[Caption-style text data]
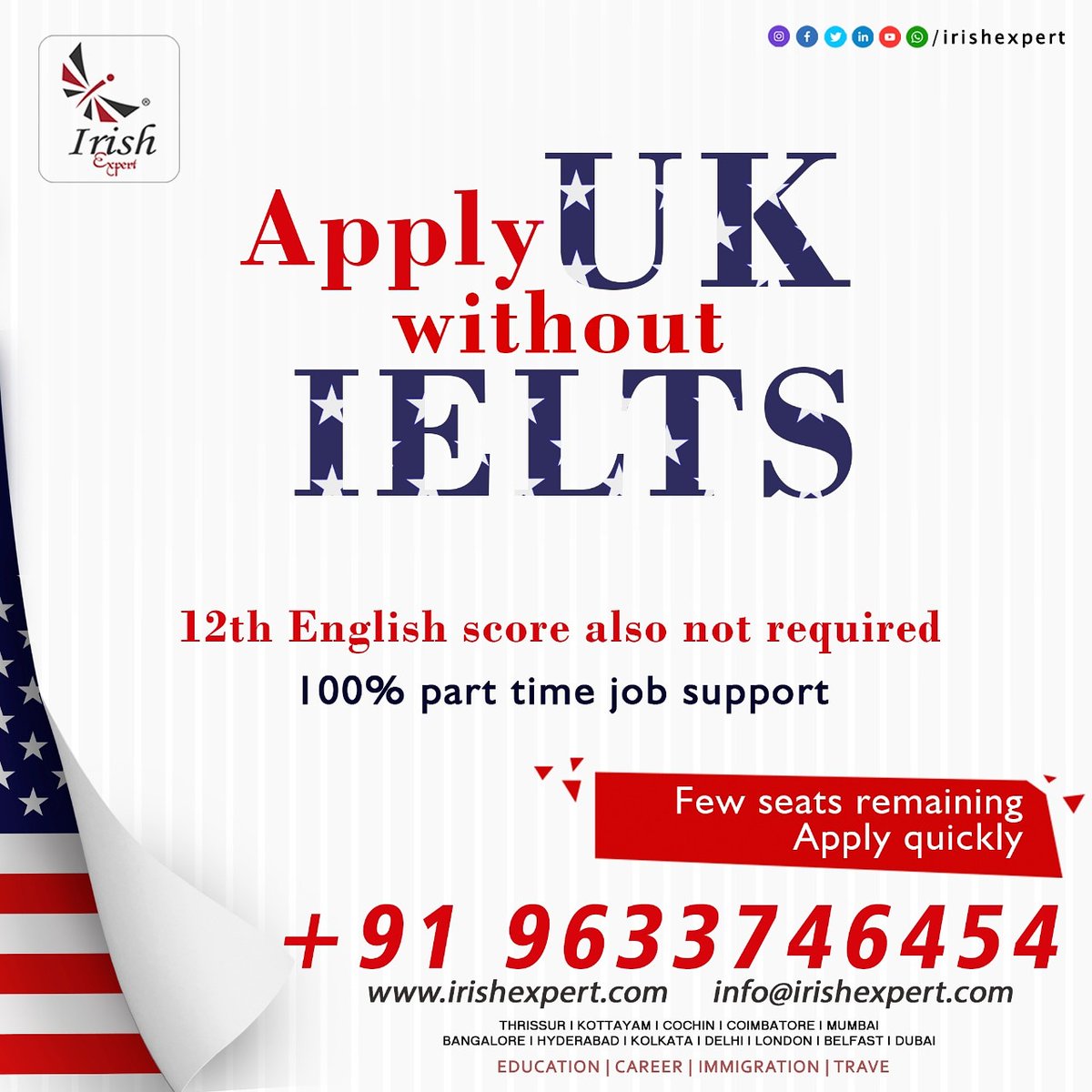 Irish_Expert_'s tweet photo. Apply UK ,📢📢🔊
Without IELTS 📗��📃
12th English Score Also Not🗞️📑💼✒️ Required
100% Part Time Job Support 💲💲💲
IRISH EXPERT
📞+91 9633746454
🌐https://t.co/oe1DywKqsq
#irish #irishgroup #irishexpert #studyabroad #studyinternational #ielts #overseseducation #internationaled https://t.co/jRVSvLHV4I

▶ Prompt
For each record, return its text exactly and leave any picture out.

▶ Response area
 Irish_Expert_'s tweet photo. Apply UK ,📢📢🔊
Without IELTS 📗��📃
12th English Score Also Not🗞️📑💼✒️ Required
100% Part Time Job Support 💲💲💲
IRISH EXPERT
📞+91 9633746454
🌐https://t.co/oe1DywKqsq
#irish #irishgroup #irishexpert #studyabroad #studyinternational #ielts #overseseducation #internationaled https://t.co/jRVSvLHV4I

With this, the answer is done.